Subsequently, countries in low and middle income settings are gradually closing the gap in addressing financial risk protection for the population. Several forms of prepayment systems including national health and private health insurance have been implemented in the last two decades [6–10]. There is again the emergence of social and community-based insurance scheme, which usually forms part of a social protection programmes and policies. Many countries in Africa including Ghana, Nigeria, Tanzania Rwanda, Kenya, and Senegal as well as those in Asia are practicing a variety of social and community health insurance schemes which mobilize resources from the public and private sectors to finance healthcare [2, 11–13]. This offers implementing countries the opportunity to expand financial access to the poorest populations. The use of varying types of health insurance is a strategy adopted by governments to establish compulsory schemes for public sector workers and establish equal scheme to cover workers in the informal sector simultaneously [14–16].
Ghana’s response to universal health coverage (UHC) underscores the passage of the NHI bill into law in 2003 and subsequent operation in March 2005 [8, 17, 18]. The insurance was implemented to replace the previous “cash-and-carry” system which allowed patients to pay at the point of receiving care. Similar to other developing countries , the health insurance had a primary objective to make healthcare affordable and increase the general utilization of drugs and healthcare particularly among the most vulnerable groups including those in the deprived areas [19, 20]. There is evidence to support that the introduction of the insurance has increased out-patient utilization and subsequently increased out-patients per-capita [17, 19, 20]. Individuals who are insured against health risks are more likely to utilize outpatients care in public health facilities, especially in lower income communities [19, 21]. These individuals enrolled in NHIS have the greater chance of visiting clinics, obtain prescription, and seek formal healthcare [19, 22]. Pregnant women, in particular, have the likelihood of utilizing prenatal care, give birth in a health facility without facing financial barriers, and again have skilled attendants present at birth [11, 23–25]. The free maternal health policy  has contributed to the increased uptake of antenatal care among these pregnant women.
Notwithstanding this, most households in Ghana continue to experience unmet needs to health services due to OOP at the health facility [17, 26]. There has been inconsistency in the NHIS policy enrolment and renewal especially among households in rural and per-urban communities. The inability of these households to renew their subscription is attributed to varying factors at both health systems and individual levels. For instance, proximate factors such as unemployment , low level of income [28–30], limited education [27–29, 31], and individual’s role within their families  discourage households from enrolling into the scheme. This apparently suggests that the health systems and sociodemographic factors of some households limit them from enrolling into the NHIS subscription, thereby preventing UHC. Subsequently, among the population who are able to register for the scheme, there has been inconsistency in renewal and utilization of healthcare. However, there is dearth of evidence that explores the influence of households’ sociodemographic factors on NHIS active membership. This paper sought to examine how these factors influence active membership and subsequent utilization of health service among households in the Upper Denkyira East Municipality of Ghana. The evidence would inform NHIS policy decision, for instance, setting vulnerability exemption criteria for marginalized population.

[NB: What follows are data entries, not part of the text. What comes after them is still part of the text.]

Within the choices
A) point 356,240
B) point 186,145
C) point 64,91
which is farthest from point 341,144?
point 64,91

Proximate Predictors of National Health Insurance Policy Uptake in Ghana. In Ghana, the sociodemographic information of households influences NHIS uptake. The sociodemographic information influences households’ decision to enrol and renew their NHIS policy. These factors are mostly related to the social, economic, demographic, and health status of households [27–36]. Across different regional and geographic boundaries, social factor such as gender influences NHIS policy enrolment [27, 28, 30, 32, 34]. Past studies, for instance, have showed that females have more propensities to enrol and renew their NHIS policy compared with males [30, 31, 33]. Across different studies, females are 1.2–1.8 times [30, 33] and 1.4–1.9 times [31, 34] more likely to enrol and renew their NHIS policy subscription, respectively. The increased participation of females in the NHIS policy is mostly linked to their motherly role and vulnerability to healthcare. Similarly, married individuals in Ghana stand higher odds of enrolling and renewing their NHIS policy [34, 35]. Those in their reproductive age, for instance, are about 1.3 times (95% CI; 1.12, 1.73) more likely to enrol into the NHIS policy compared with singles . The increased participation of this group in the NHIS is attributed to their perception towards the cost of seeking care. This population is more susceptible to the burden of OOP of care and subsequently influences their increased participation in the NHIS policy.
The religious affiliations of households have showed to influence their NHIS policy ownership. In some settings, including the Eastern and Central Regions of Ghana, previous studies have showed that households affiliated to some religion including Christianity, Islam, and Tradition were more likely to have NHIS active membership compared with those who were not affiliated to any religion [29, 31]. However, in a related study in the Upper West Region of Ghana, the increase in NHIS policy ownership according to religious affiliation varied based on gendered identity. For instance, males who were Muslims were more likely to have never enrol and to drop out of the NHIS policy compared with their Christian counterparts (OR = 2.6 and OR = 1.7, resp.). However, females who belonged to Muslim and Traditional religion were more likely to have enrolled (OR = 2.1 and OR = 1.6) compared to their Christian counterparts . This difference could be attributed to the fact that the Upper West Region is a Muslim dominated setting.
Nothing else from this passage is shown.